The greatest strain for Fowle was the uncertainty of how his family back in Ohio was dealing with his absence.
“I didn’t know what was happening back here. That was the worst of it.”
Fowle explained that during his ordeal, his family followed the recommendations of diplomats trying to secure his release.
“The State Department usually advises people to limit your contacts and say as little as possible because apparently of it getting back to North Korea and making things worse for the detainees.”
His friends and family gained some assurance of his condition during the limited public appearances North Korean orchestrated with the media.
“That was pretty tightly controlled and I was coached – given guidelines on what to say.”
But away from the cameras, Fowle remained in isolation with almost no contact with the outside world. He spent months worrying about the welfare of his family and wondering what the North Koreans wanted from him and the U.S. government --- something he tried to get his interpreter, a man he called “Mr. Jo," to reveal.
“He wouldn’t come up with an answer,” Fowle recalled. “I said what about a U.S. commando raid on this facility here? And he kind of said, no – not that.”
Ultimately, it was not a raid, but Swedish diplomacy that led to his release in October 2014, after spending six months in North Korea.
In the dark of night, the U.S. government jet that escorted him from North Korea delivered him back to his waiting family at Wright Patterson Air Force Base in Dayton, not far from his Miamisburg, Ohio home.
He was eventually welcomed back to his job as an employee of the city of Moraine, Ohio, and eagerly returned to his church that helped his family through the ordeal.
Three years later, Fowle reflects that the episode brought his family closer together, and today, he has no regrets.
“People have asked me if I could snap my fingers and go back and erase that whole incident, would you do it? And at this point, I would say no.”
Fowle believes the North Koreans never intended to harm him, or the other Americans detained during his time there.
But in the wake of Otto Warmbier's "humanitarian release" by North Korea on June 13, Fowle is struggling to come to terms with what happened during the college student's detention that led to severe brain damage, and ultimately, his death.
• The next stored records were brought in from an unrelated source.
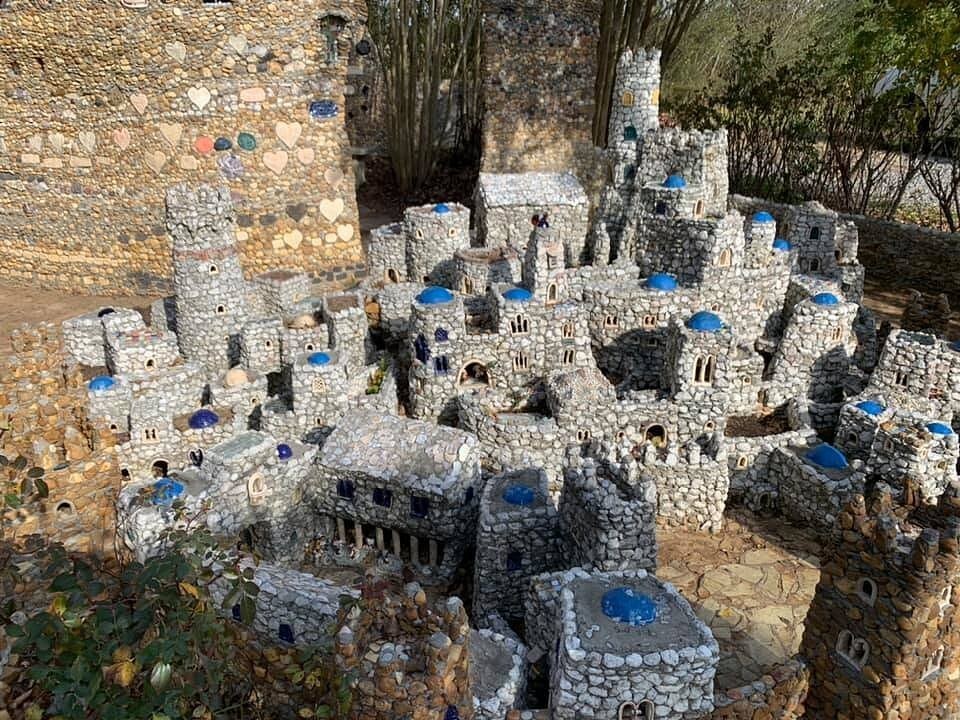 Сказочный мир Калхуна, собранный из камешков Сказочный мир Калхуна, собранный из камешков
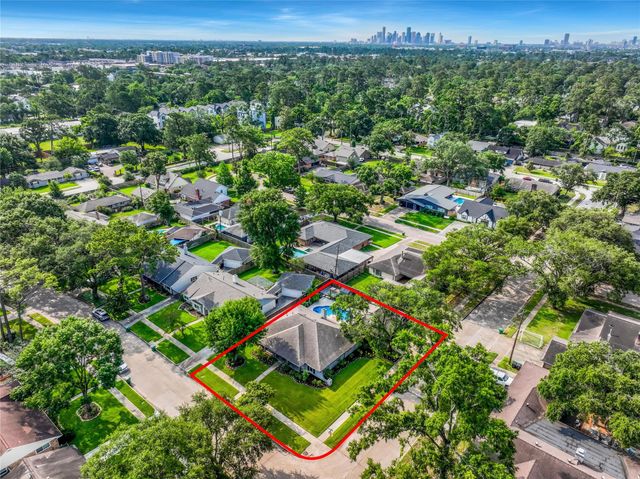 963 Thornton Road, Houston, TX 77018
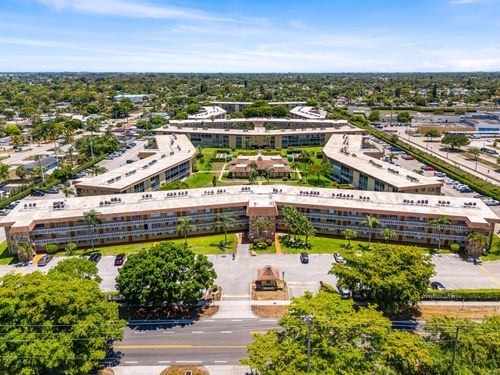 311-500 Village Green Circle, Palm Springs, FL, 33461 | Card Image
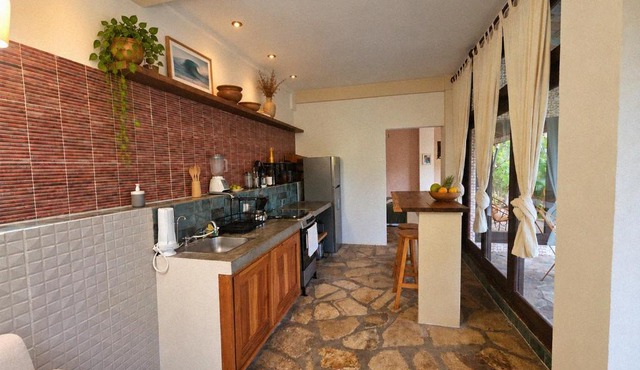 Quiet and comfy studio with jungle views in Playa Maderas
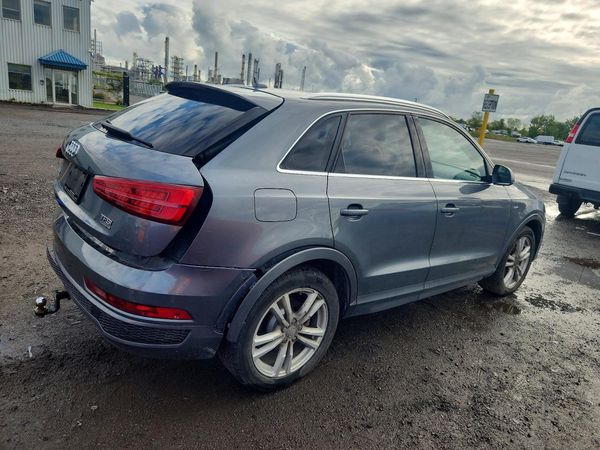 2016 AUDI Q3 quattro Prestige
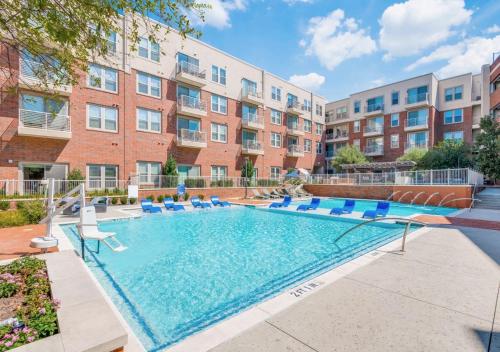 弗赖拉辛Modern & Cozy Apt with pool in prime location的公寓大楼游泳池的图片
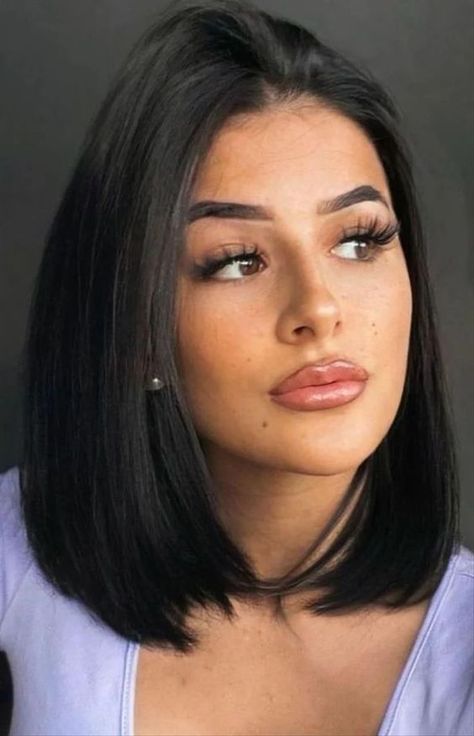 Medium Haircuts Black Women, 90s Supermodel Bob Haircut, Short Long Haircut, Short Black Hair With Layers, Black Medium Hair, Short Hair Inspo, Black Short Hair, Short Bleached Hair, Dark Brunette Hair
“Under the circumstances, I’m troubled, and we’ve got a whole lot of questions as to what was going on in his specific case.”
Fowle says Otto Warmbier’s ordeal should be a cautionary tale for Americans considering traveling to North Korea.
“Not in today’s current political climate. I say it up and down, I do not recommend it to anybody right now.”
While they have not met, Fowle says his family continues to pray for the Warmbiers, and the three other Americans still detained in North Korea.